KPMG, Küresel Kadın Liderler Araştırması’nın ikincisini tamamladı. Araştırmaya göre, kadın yöneticiler teknolojik dönüşümü tehditten çok fırsat olarak görüyor ancak önce “İnsana yatırım” diyor. Kadın yöneticilerin geleceğe hazır şirketler oluşturmak için izleyeceği stratejilerin başında iş gücünü modernize etmek geliyor.
KPMG’nin 2019 Küresel Kadın Liderler Araştırması, kadın liderlerin kurumsal liderliğe nasıl baktıkları, dikkatlerini nereye verdikleri ve neyi değiştirmek istedikleri hakkında derin öngörüler sağlıyor. 52 ülkeden, bin 100’ün üzerinde kıdemli kadın yöneticiyle yapılan araştırmada Türkiye’den 41 kadın yönetici yer aldı.
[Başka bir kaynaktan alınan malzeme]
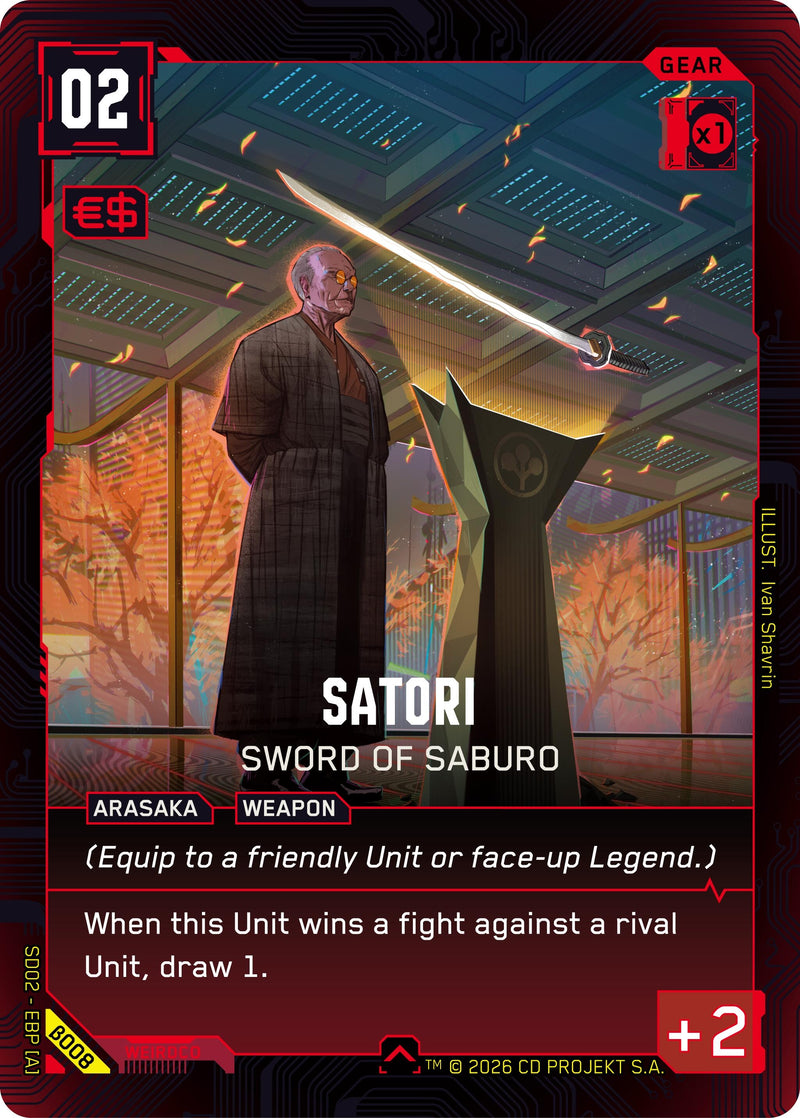 Image for Satori - Sword of Saburo (B008) - Cyberpunk TCG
Araştırmayı değerlendiren KPMG Türkiye Denetim Bölüm Başkanı, Toplumsal Cinsiyet Eşitliği ve Çeşitlilik Lideri Nesrin Tuncer, “Kadın yöneticilerin yarısından fazla iş hayatında hâlâ cinsiyetçi kalıplarla mücadele ediyor. Kadın yöneticiler arasında şirket organizasyonlarının cinsiyet eşitliği yolunda sonraki adımları atmaya devam etmelerini sağlamak amacıyla büyük sorumluluk üstlenmesi gerektiğine inananların oranı yüksek. Kadın yöneticilerin yüzde 38’i, cinsiyet ayrımının olmadığı eğitim ve öğretim programlarını cinsiyet eşitliği mücadelesinde önemli faktörler olarak görüyor. Yüzde 20’si, kadınlar için resmi destek programlarının kadınları yönetici pozisyonlarına getirmeye yardımcı olacağına inanıyor. Eşit ücret konusunda da hâlâ engeller var. Kadın yöneticilerin yüzde 40’ı şirketlerindeki maaş yapılarını biliyor. Ancak yüzde 37’si bu bilginin şeffaf olmadığını düşünüyor” dedi.
Araştırmadan önce çıkan satır başları şöyle:
- Kadın yöneticilerin yüzde 80’i müşteri değerlerinin, şirketlerinin çevresel, sosyal ve yönetişim (ESG) politikalarına yansıtılmasını sağlamak konusunda kendilerini sorumlu hissediyor. Türkiye’de bu oran yüzde 88.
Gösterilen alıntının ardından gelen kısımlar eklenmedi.